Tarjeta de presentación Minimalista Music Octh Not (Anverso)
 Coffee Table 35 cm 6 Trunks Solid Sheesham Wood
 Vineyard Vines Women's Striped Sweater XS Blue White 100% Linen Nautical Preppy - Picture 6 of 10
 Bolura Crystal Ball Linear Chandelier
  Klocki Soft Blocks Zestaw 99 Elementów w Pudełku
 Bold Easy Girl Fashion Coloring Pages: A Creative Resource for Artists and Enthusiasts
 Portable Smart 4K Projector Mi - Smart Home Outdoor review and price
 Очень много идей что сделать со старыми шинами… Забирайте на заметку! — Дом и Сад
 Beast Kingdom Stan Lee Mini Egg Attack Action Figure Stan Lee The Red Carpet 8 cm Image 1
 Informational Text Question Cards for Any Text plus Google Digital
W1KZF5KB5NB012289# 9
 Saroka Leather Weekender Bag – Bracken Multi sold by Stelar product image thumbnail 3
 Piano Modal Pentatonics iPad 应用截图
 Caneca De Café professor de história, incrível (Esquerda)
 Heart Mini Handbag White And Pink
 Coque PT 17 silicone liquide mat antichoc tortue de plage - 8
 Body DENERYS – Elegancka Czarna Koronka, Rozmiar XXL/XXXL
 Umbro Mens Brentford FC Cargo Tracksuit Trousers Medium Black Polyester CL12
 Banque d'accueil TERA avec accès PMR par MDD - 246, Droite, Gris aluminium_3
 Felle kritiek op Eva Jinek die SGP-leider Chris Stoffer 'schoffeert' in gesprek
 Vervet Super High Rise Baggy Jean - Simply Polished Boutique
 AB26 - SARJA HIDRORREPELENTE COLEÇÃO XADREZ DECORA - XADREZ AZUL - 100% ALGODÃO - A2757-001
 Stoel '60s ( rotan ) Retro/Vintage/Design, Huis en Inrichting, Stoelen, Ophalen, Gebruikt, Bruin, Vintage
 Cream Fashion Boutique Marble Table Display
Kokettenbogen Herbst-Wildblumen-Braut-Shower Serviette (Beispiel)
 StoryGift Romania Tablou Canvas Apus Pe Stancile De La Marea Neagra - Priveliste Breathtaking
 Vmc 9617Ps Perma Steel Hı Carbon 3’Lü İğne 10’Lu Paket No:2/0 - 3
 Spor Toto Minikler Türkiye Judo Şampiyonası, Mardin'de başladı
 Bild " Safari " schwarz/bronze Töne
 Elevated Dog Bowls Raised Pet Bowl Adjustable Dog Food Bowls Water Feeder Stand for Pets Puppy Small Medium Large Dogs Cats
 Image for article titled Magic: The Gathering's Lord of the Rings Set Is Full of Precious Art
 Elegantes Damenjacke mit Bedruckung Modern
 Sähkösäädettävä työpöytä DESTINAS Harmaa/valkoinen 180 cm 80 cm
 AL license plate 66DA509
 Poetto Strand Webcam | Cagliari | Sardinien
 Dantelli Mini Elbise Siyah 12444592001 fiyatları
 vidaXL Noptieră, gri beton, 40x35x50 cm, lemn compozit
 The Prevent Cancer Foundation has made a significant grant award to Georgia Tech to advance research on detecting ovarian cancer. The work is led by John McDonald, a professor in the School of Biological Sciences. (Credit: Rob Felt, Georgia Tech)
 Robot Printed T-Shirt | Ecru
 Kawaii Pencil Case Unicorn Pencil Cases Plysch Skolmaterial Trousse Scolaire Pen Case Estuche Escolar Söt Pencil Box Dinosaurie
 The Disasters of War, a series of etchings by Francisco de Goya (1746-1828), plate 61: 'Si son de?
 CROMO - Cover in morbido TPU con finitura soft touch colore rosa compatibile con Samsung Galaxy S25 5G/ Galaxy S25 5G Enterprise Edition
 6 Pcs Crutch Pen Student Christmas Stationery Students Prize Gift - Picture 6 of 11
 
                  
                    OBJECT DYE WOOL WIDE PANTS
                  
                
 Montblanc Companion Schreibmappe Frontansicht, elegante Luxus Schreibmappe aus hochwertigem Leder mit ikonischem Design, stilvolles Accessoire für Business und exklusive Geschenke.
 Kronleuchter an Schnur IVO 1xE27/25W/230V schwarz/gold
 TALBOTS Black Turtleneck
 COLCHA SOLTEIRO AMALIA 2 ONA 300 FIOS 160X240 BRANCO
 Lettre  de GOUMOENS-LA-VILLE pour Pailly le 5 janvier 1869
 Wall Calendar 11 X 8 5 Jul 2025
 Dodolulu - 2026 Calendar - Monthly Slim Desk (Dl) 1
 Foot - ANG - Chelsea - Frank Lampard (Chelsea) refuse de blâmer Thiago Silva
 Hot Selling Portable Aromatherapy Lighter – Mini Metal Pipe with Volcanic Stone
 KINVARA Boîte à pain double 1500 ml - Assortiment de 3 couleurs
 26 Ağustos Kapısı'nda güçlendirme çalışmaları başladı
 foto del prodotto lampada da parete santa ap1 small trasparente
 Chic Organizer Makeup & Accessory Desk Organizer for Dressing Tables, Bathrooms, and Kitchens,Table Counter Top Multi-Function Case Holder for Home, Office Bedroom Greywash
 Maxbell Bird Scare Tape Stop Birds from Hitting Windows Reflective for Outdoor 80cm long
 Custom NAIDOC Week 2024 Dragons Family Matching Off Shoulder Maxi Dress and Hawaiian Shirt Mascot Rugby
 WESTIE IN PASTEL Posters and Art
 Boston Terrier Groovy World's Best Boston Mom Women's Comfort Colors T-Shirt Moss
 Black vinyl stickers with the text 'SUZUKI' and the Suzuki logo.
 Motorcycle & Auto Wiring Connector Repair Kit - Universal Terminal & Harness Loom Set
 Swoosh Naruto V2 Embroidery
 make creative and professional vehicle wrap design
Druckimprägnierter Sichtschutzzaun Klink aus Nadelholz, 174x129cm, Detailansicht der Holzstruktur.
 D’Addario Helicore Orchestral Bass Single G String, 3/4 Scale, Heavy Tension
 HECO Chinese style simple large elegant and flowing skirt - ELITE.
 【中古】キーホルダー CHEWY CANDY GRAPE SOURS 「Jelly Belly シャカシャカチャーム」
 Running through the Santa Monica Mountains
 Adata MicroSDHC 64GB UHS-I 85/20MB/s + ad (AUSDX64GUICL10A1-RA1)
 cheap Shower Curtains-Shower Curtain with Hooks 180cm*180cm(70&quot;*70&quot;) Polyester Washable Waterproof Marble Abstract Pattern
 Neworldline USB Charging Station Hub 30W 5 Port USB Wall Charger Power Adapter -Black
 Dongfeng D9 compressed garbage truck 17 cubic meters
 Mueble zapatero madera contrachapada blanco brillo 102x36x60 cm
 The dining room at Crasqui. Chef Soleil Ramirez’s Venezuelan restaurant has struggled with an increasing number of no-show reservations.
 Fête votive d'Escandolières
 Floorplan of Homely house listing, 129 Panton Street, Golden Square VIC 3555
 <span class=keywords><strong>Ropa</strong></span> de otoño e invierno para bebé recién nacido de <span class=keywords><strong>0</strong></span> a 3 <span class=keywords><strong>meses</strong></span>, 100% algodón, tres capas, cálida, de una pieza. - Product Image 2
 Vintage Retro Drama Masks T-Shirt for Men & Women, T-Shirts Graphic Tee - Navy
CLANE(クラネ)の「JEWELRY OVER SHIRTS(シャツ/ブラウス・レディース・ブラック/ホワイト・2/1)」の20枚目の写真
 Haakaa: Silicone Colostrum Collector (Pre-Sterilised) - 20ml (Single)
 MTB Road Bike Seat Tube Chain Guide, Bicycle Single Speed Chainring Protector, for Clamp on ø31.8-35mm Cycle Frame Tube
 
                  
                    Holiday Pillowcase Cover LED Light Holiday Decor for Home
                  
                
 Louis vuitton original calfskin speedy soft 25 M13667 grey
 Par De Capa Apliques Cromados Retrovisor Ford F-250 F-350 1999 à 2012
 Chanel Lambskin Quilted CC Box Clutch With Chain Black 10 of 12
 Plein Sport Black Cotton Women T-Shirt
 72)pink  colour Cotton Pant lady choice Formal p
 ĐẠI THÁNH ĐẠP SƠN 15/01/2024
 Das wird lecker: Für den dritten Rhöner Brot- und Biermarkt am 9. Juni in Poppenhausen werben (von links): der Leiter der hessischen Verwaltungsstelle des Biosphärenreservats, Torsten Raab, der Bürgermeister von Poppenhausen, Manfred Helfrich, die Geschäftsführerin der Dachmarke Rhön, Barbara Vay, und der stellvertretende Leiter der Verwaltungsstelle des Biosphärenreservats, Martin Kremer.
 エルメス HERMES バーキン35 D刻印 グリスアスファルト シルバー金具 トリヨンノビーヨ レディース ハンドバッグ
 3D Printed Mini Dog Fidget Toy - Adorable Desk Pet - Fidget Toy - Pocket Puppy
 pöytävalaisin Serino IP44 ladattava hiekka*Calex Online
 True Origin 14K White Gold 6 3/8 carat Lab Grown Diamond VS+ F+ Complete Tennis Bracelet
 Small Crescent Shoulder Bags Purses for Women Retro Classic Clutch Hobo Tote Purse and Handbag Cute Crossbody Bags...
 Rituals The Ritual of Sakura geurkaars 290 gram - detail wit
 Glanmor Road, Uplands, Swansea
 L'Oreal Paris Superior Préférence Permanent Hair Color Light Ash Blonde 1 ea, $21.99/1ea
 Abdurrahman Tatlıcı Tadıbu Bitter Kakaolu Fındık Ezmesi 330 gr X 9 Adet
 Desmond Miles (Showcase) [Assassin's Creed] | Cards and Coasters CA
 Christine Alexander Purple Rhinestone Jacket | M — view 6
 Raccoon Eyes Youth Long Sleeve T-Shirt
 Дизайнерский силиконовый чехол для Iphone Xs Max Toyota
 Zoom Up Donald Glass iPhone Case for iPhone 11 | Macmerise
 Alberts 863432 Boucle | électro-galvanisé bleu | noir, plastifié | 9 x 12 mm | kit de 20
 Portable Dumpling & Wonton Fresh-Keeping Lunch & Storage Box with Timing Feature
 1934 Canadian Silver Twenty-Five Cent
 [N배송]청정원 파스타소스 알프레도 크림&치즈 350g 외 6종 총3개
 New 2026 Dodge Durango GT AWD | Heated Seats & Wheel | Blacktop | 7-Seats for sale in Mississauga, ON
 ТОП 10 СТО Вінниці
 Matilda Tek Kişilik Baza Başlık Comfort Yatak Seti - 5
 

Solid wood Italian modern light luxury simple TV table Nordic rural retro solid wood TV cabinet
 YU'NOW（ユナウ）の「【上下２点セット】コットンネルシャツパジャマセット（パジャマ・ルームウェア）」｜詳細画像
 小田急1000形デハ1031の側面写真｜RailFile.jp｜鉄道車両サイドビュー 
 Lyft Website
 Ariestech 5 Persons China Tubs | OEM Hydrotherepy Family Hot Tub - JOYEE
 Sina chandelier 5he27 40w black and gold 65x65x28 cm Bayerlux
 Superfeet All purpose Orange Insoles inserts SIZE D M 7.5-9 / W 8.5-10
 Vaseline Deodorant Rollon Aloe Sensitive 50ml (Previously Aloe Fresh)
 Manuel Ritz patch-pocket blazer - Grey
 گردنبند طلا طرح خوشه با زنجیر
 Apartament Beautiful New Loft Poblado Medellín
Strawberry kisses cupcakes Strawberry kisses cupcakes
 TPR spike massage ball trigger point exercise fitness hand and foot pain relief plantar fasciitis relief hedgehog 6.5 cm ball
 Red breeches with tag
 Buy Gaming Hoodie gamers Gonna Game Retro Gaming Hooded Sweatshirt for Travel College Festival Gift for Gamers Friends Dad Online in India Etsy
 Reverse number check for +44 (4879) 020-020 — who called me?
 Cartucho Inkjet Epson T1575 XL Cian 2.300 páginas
+ + + +
:: WHAT THE EXERCISE ASKS ::
Each line from the one holding "Buy Gaming Hoodie" through the last line of the data is to be transcribed exactly, with nothing else added.

:: RESPONSE BOX ::
 Buy Gaming Hoodie gamers Gonna Game Retro Gaming Hooded Sweatshirt for Travel College Festival Gift for Gamers Friends Dad Online in India Etsy
 Reverse number check for +44 (4879) 020-020 — who called me?
 Cartucho Inkjet Epson T1575 XL Cian 2.300 páginas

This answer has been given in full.